Stocks: US equities started the week off in the red, though off their intraday lows. The benchmark S&P 500 lost 0.32% to settle at 4,943. The tech-laden Nasdaq 100 closed 0.17% lower to finish at 17,613. The Dow Jones underperformed, off 0.71% to settle at 38,380. Caterpillar was firmer despite mixed results while McDonald’s sank 3.8% on disappointing comparable sales. Boeing lost nearly 25 on more 737 issues. Tesla dropped 3.65% to multi-month lows on worries over rising competition and persistent pricing pressures. Nvidia rose 4.79% hitting a fresh all time high. Eli Lilly jumped over 6% ahead of its earnings release.

Asian futures are mixed. APAC stocks were mostly muted post-NFP and Powell’s comments saying a March rate cut is too soon. The ASX 200 was dragged lower by commodity-related sectors. Chinese stocks plunged to five-year lows before recovering. The securities regulator pledged to stabilise markets.

Gold suffered for a second day after Friday’s sell-off.  Prices dropped below the 50-day SMA at $2032.

Day Ahead – Does the RBA turn less hawkish?
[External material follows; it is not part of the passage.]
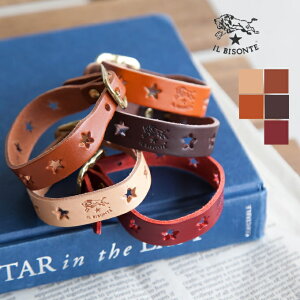 yK̔Xz[5422300297]IL BISONTE(Cr]e) ^U[oO/uXbg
The RBA is fully expected to keep the cash rate target unchanged at 4.35%. It will be the first meeting since a revamp and changes took effect. That means a switch to eight meetings per year from the previous 11. There will also be a press conference after each meeting an hour after the policy announcement. The quarterly Statement on Monetary Policy will now be released at the same time as the outcome of board meetings in February, May, August, and November instead of the following Friday.
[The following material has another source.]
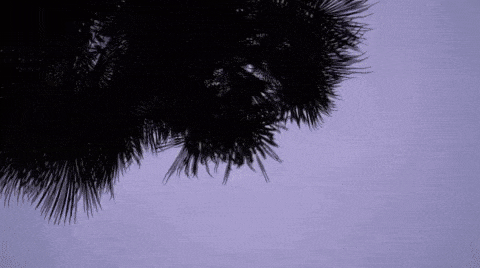 新手拍视频选对不选贵，飞宇AK2000C三轴微单稳定器评测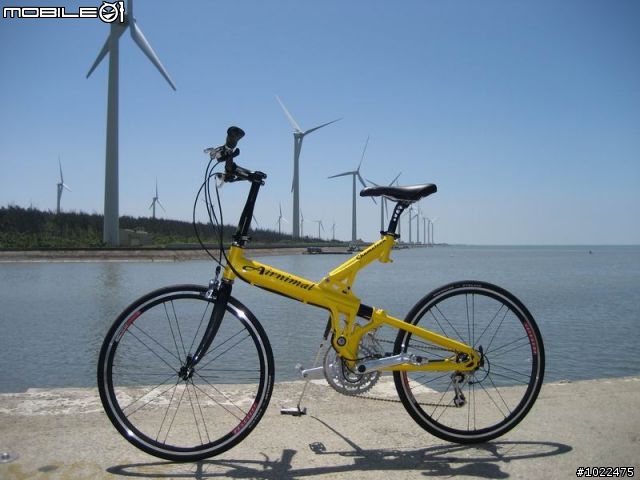 Airnimal Chameleon 24吋折疊車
The bank is likely to caution against premature easing in relation to markets that are pricing part of a rate cut by the May meeting. Expectations are for the RBA to highlight some progress on underlying inflation. But the bank will likely still indicate that readings over 4% y/y for weighted median and trimmed mean CPI remain too hot in relation to the 2–3% headline inflation target. The size of the push back should determine the bid in AUD.

Chart of the Day – Gold falls but still in range

Gold was a victim of the incredible jobs data in the US on Friday, which put more weight on Fed Chair Powell’s comments from two days earlier where he pushed back on March rate cut expectations.

Prices look to have found resistance around $2060 after retracing on Friday. There’s a near-term Fib level at $2019, then next support sits around the $2000 which is near the January low. Central bank pushback over recent weeks has seen bond yields jump. More hawkish Fedspeak will cement the bond yield retracement and potentially hamper any gold upside. Strong support should be around the mid-December lows and midpoint of the October rally at $1979.